This problem involves momentum which we calculate through the formula $p=mv$. We need to use standard units (or, at least, the same units) throughout. We will keep a sensible number of places for accurary.

Volume of comet

$$V = \frac{4}{3}\pi \left(\frac{5000}{2}\right)^3= 6.54\times 10^{10} \mathrm{m}^3$$

The density $\rho$ of the comet in $\textrm{kg m}^{-3}$ is

$$300 < \rho < 700\;.$$

Using $m = \rho V$ we can therefore estimate the mass $m$ of the comet, in $\mathrm{kg}$, to be bounded as

$$1.96\times 10^{13}< m< 4.58\times 10^{13}\;.$$

The momentum of the comet, measured in $\textrm{kg m s}^{-1}$, can now be estimated as

$$1.18 \times 10^{18}< p < 2.75 \times 10^{18}\;.$$

If we assume that all of this momentum is transferred to the earth on impact then the velocity change $\Delta V$, measured in $\textrm{m s}^{-1}$, that this would impart to the earth is found by $\Delta v = p/M$ where $M$ is the mass of the earth.
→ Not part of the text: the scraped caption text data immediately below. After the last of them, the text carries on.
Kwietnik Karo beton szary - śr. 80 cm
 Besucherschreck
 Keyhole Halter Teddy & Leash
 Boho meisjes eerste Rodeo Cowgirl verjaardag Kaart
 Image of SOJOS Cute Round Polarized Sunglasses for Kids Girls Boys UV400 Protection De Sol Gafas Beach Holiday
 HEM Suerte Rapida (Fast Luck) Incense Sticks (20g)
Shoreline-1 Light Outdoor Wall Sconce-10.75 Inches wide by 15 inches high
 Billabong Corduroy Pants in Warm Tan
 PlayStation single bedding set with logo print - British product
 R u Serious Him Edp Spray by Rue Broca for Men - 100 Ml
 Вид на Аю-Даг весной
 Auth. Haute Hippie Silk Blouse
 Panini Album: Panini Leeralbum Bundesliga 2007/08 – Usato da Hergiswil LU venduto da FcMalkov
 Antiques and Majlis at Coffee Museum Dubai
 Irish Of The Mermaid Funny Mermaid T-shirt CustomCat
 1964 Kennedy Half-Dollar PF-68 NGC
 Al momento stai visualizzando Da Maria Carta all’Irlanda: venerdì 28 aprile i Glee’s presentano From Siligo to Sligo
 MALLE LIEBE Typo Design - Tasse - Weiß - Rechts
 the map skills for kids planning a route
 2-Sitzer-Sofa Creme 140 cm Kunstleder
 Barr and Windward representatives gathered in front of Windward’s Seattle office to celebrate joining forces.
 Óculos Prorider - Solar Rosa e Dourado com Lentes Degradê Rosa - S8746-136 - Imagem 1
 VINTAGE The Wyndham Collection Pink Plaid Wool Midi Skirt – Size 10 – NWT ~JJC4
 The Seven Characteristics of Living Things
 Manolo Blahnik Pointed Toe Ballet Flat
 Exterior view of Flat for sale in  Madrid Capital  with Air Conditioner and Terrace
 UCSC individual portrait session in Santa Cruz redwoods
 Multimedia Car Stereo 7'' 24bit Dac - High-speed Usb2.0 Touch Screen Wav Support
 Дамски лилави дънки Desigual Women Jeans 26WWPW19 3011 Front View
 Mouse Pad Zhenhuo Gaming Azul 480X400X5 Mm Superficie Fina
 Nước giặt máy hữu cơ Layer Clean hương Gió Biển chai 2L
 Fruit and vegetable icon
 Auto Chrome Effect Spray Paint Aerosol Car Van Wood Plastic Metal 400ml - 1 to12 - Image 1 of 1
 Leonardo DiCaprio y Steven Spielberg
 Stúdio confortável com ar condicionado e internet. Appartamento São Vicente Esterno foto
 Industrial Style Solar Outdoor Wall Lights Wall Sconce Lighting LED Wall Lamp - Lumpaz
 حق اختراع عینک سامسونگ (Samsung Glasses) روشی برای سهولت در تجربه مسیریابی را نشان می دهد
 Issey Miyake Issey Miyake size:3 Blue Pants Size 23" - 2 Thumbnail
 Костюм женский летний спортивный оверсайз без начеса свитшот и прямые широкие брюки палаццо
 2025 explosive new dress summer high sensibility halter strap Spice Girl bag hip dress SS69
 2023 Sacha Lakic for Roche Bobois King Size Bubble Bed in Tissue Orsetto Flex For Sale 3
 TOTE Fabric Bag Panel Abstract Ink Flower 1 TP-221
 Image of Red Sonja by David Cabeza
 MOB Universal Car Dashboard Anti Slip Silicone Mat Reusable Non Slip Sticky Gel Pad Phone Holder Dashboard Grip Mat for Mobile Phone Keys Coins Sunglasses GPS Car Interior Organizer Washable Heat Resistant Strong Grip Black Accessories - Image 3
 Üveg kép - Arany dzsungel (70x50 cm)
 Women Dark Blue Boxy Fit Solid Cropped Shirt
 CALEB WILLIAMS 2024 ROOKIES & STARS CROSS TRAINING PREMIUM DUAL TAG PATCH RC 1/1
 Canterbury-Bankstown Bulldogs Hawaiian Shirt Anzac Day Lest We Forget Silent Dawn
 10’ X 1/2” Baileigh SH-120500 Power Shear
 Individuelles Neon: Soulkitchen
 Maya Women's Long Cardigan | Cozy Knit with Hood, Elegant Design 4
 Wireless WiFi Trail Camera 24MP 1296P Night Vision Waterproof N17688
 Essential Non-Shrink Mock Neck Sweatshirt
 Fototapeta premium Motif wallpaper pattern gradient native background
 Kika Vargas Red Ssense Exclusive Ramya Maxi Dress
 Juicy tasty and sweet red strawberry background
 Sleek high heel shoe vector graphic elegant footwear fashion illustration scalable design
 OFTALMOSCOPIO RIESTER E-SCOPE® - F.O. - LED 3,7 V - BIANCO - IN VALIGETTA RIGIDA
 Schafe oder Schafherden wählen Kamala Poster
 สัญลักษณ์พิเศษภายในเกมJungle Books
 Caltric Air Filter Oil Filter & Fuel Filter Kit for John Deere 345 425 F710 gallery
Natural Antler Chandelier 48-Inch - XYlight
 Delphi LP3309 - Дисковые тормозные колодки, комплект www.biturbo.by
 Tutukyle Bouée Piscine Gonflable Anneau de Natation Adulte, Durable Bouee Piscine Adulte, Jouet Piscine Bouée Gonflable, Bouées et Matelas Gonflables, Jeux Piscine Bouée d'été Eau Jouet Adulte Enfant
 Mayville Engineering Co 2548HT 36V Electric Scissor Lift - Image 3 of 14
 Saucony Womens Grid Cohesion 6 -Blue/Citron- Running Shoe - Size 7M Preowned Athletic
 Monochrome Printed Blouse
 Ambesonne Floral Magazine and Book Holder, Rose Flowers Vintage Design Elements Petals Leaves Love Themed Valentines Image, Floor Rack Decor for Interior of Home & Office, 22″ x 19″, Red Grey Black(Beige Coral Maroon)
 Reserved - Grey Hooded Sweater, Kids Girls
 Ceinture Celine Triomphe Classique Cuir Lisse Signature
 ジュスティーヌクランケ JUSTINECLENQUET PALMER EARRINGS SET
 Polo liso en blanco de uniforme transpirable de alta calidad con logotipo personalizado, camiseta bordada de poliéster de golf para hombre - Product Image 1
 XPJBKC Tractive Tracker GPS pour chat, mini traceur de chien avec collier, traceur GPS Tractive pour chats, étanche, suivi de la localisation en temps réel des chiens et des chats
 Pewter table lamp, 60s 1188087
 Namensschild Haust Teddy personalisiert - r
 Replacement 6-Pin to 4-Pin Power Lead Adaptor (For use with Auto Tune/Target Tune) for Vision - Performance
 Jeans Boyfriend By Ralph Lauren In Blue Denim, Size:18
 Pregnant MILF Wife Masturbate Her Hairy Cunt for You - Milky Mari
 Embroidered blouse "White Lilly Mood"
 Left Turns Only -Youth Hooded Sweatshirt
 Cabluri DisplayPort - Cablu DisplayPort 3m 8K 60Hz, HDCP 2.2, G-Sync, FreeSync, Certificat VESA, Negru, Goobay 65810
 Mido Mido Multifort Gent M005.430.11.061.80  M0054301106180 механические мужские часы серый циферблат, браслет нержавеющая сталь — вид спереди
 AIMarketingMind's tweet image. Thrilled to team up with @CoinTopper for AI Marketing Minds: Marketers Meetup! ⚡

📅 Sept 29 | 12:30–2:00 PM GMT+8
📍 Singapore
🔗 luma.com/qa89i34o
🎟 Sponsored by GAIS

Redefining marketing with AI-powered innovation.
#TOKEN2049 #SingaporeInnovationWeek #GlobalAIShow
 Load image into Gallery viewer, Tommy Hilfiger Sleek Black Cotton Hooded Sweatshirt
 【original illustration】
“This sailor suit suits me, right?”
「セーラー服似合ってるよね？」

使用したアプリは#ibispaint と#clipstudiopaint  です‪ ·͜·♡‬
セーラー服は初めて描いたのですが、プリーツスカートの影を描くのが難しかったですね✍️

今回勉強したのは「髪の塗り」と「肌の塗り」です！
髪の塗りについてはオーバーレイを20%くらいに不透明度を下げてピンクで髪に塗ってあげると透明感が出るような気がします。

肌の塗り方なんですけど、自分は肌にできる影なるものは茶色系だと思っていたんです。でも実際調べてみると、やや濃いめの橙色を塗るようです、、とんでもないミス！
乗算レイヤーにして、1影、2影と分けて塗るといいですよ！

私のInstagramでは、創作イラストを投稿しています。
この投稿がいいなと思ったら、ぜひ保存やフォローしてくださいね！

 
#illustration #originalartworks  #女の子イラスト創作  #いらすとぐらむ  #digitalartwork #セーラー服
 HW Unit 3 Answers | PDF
$$1.97 \times 10^{-7} < \Delta v < 4.60 \times 10^{-7}$$

Taking the centre of the range we can estimate a velocity change for the earth of about $2.3\times 10^{-7}\textrm{m s}^{-1}$.

In every-day units this is about $8.4\times 10^{-7}\textrm{km h}^{-1}$, which is tiny. (Note: the earth's velocity around the sun is around $30\textrm{ km s}^{-1}$.)